Adaptation to each new stage of life and to each change in direction
Matthieu is a young man aged 26. His story is that of many children with rare disabilities, who, for lack of space, or for lack of facilities able to respond to their needs, find themselves in new and poorly adapted environments at each point of transition between age brackets, from the end of early childhood to the turn of adulthood.
Since childhood, Matthieu presented complex language disorders with associated disorders. Other than body language, he would use Signed French (signs from French Sign Language) and written pictograms to express himself.
After four consecutive years in nursery, Matthieu could not be integrated into primary school because he had not completed the acquisition of language. His parents were thus faced with the task of finding a specialised establishment. After much inquiry, they discovered the Centre Daviel enfants pluri-handicapés, adjacent to the Centre de ressources Robert Laplane. After one year’s waiting, Matthieu became part of the Centre Daviel, where he would stay until the age of 14. There, he developed his communication skills through the access to meaning and language approach specially practised by the two Centre-s’ multidisciplinary teams. He was making headway.
The next part of his story, however, would bring difficulties which he and his parents would need to overcome to adapt themselves to guidance continually out of step with his specific care needs, related to his comorbidity of complex disorders. Able to hear, but a user of sign language, Matthieu would be taken in by a Centre pour jeunes sourds (Centre for deaf young people) from the ages of 14 to 20 years old, and by a day centre thereafter, where he goes to this day. Though the care and support offered is well-intentioned, Matthieu’s parents recognise the choice of a day centre was the default option, and one not fully appropriate to his needs, since, despite their partnership with the Centre Robert Laplane, allowing regular updates on Matthieu’s condition and exchanges of information on his specific means of communication, he is only making a small amount of progress.
How do things stand, then, in as far as his day-to-day communication is concerned?
“Our children are superstars”. That’s his mother’s answer, superstars because their ability to adapt to maladjusted environments is a permanent one. A lot is asked of them; it’s exhausting.
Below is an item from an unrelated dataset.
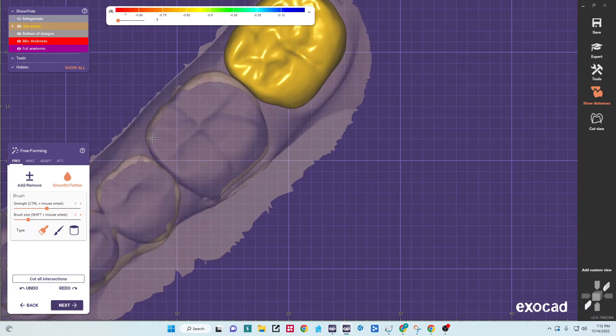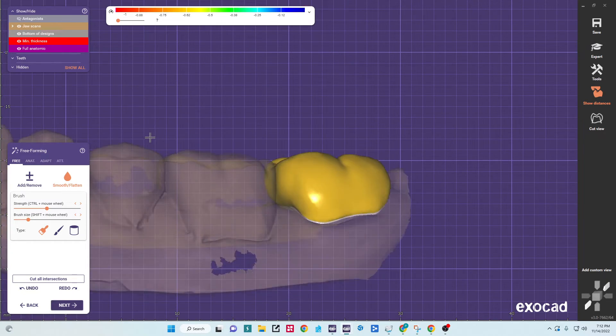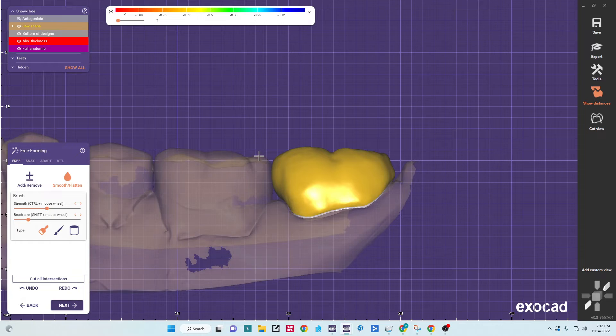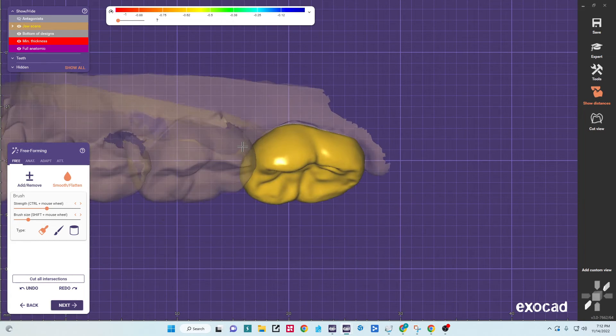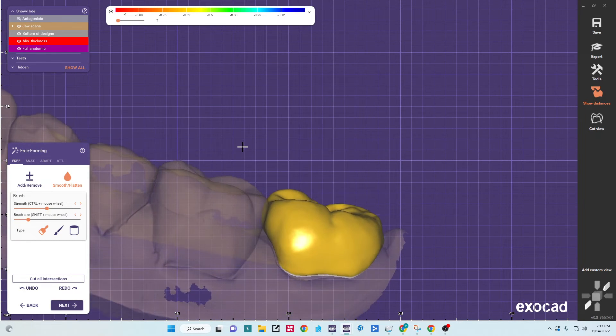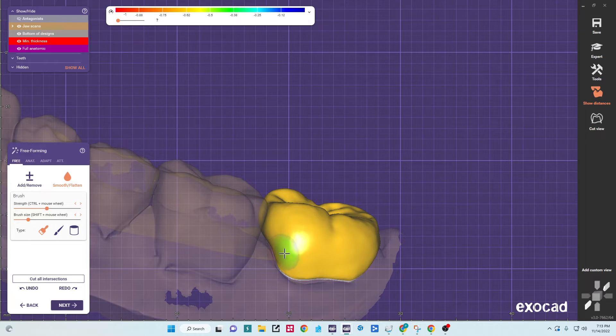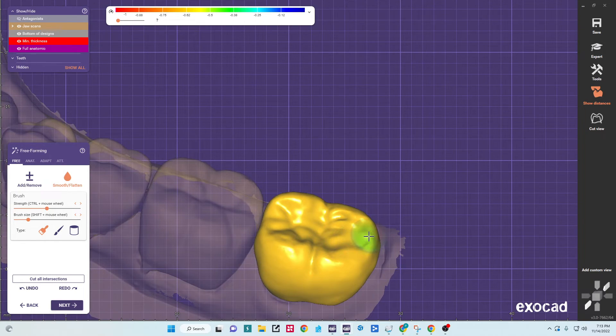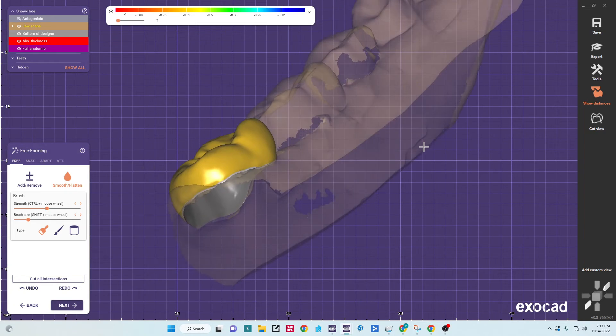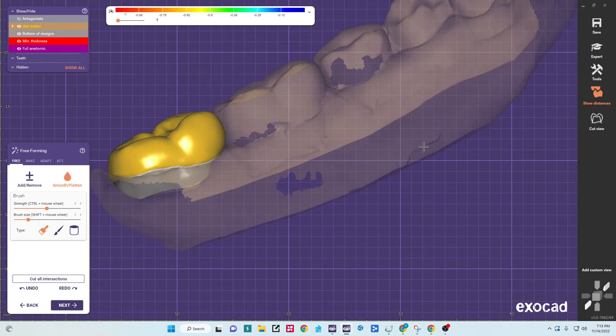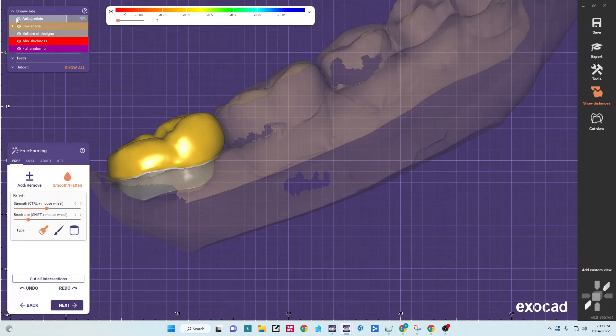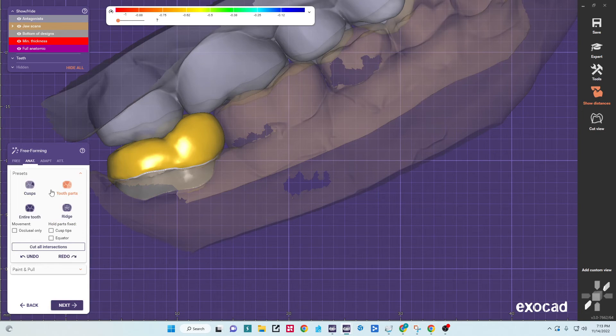And so one thing I tell our designers is we don't necessarily want it to be a perfect match to the tooth. We want a little better contact than what we would have naturally, a little broader. It just makes things easier. Okay, and we're basically there. But say we did have a cusp or something we want to change. I want to go over one more feature here.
Matthieu has had to make substantial efforts at the physical level too, which has earned him a great deal of respect at the municipal swimming pool close to home. His parents have always believed in the importance of physical activity in rehabilitating and calming his wounded, injured body, still tense and sore today. So now, when he is in water, he is in his element, thanks to the perseverance of the sports instructors recruited by his parents, who taught him to swim. Ever since, he’s been going to the pool each week to do a kilometre’s practice, and has forged bonds of friendship with the other swimmers there who have seen him grow in confidence from his superhuman investments of effort.
Today, the Centre de ressources Robert Laplane is actively supporting a project for the creation of an innovative facility for adults in Île-de-France with rare disabilities including a complex language disorder component. The project is led by the association AFHAR-TCL, an association in which Matthieu’s parents are fully involved.